Du problème des sans-papiers burkinabè en France, après la signature des accords sur l’immigration.
La question de l’immigration est régie par une convention, mais le problème fait l’objet d’examen périodique dans le cadre de la commission mixte Burkina-France. Cette commission s’est réunie. Il reste à résoudre la question des sans-papiers. Je crois savoir qu’il y a une quarantaine de burkinabè qui avaient des problèmes de papier, mais on a pu résoudre une vingtaine de cas. Cette question va être discutée avec les autorités françaises pour voir dans quelle mesure résoudre du problème.
La question de l’immigration est bien suivie. La convention précise le quota de burkinabè que la France peut recevoir. Nous sommes tous tombés d’accord et c’est dans ce cadre que nous demandons aux français de régler ces demandes résiduelles de visa.

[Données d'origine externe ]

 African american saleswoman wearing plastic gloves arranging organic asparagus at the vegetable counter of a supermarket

L’accord ne défavorise-t-il pas les burkinabè par rapport aux autres ressortissants africains ?
Je ne pense pas, c’est un accord-cadre proposé aux pays africains selon les besoins de la France aussi. Cet accord est valable pour les pays qui ont des accords sur l’immigration avec la France. Chaque pays en fonction de ses besoins discute avec la France pour avoir un quota précis. On ne peut donc pas dire que le Burkina est lésé, nous veillons quand même au grain.

Un dernier message

Notre visite vient nous donner encore la confirmation que le Burkina Faso est un pays considéré par nos partenaires de façon générale et la France en particulier. Le président français a eu l’occasion de me le dire, et je sais par expérience qu’avec les autorités françaises, depuis que nous sommes dans la transition, nous avons eu suffisamment de soutien. Je sais véritablement que le Burkina compte sur l’échiquier international.

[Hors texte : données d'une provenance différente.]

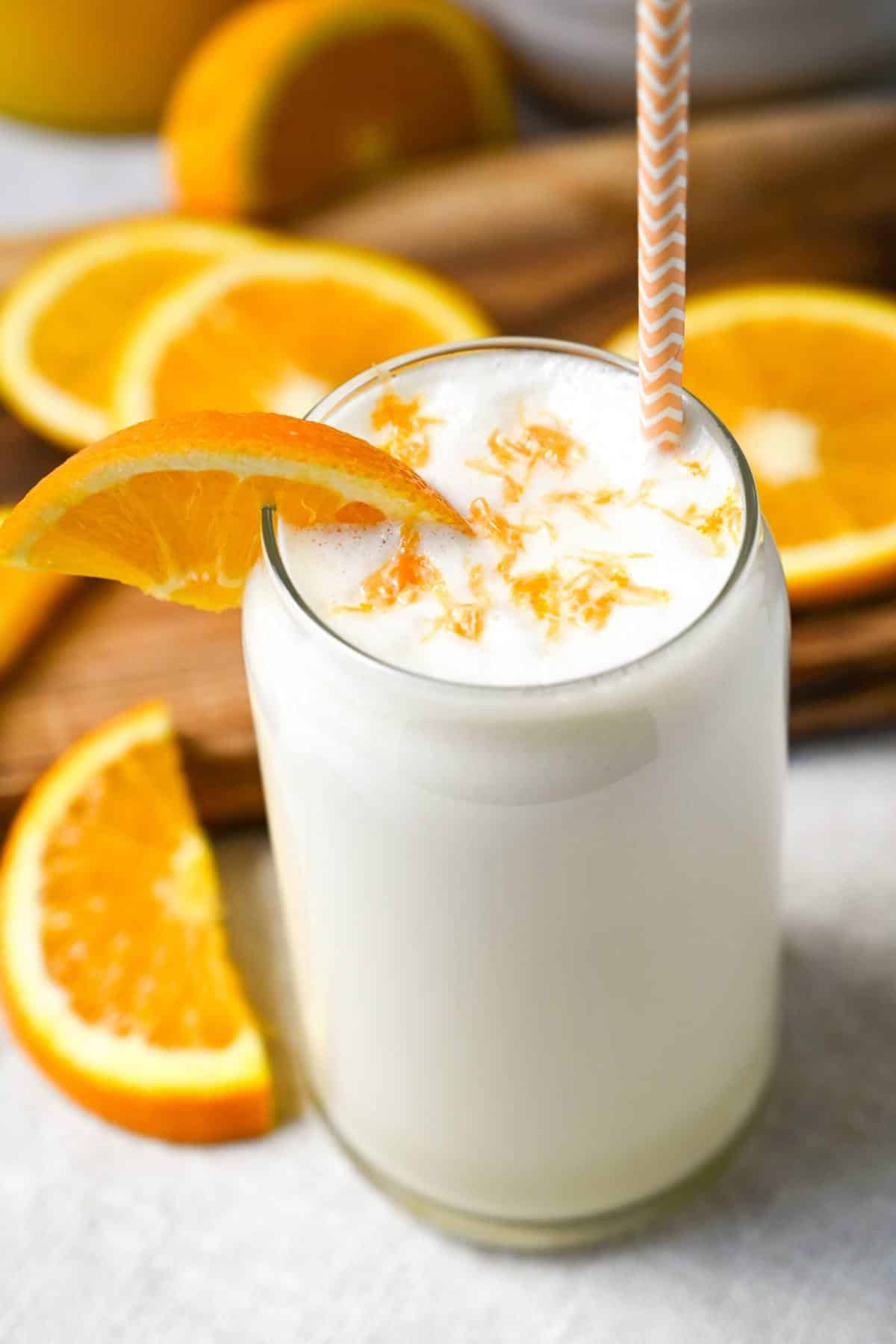 A creamsicle smoothie in a glass with an orange straw and zest on top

S’agissant de la transition, les autorités françaises ont compris et apportent leurs soutiens au processus. Je demande aux burkinabè de rester confiants, de faire en sorte que ce pays qui est le nôtre et pour lequel nous travaillons tous, puisse garder cette considération que l’extérieur nous voue. C’est une valeur qui est éminemment supérieure à toute autre valeur.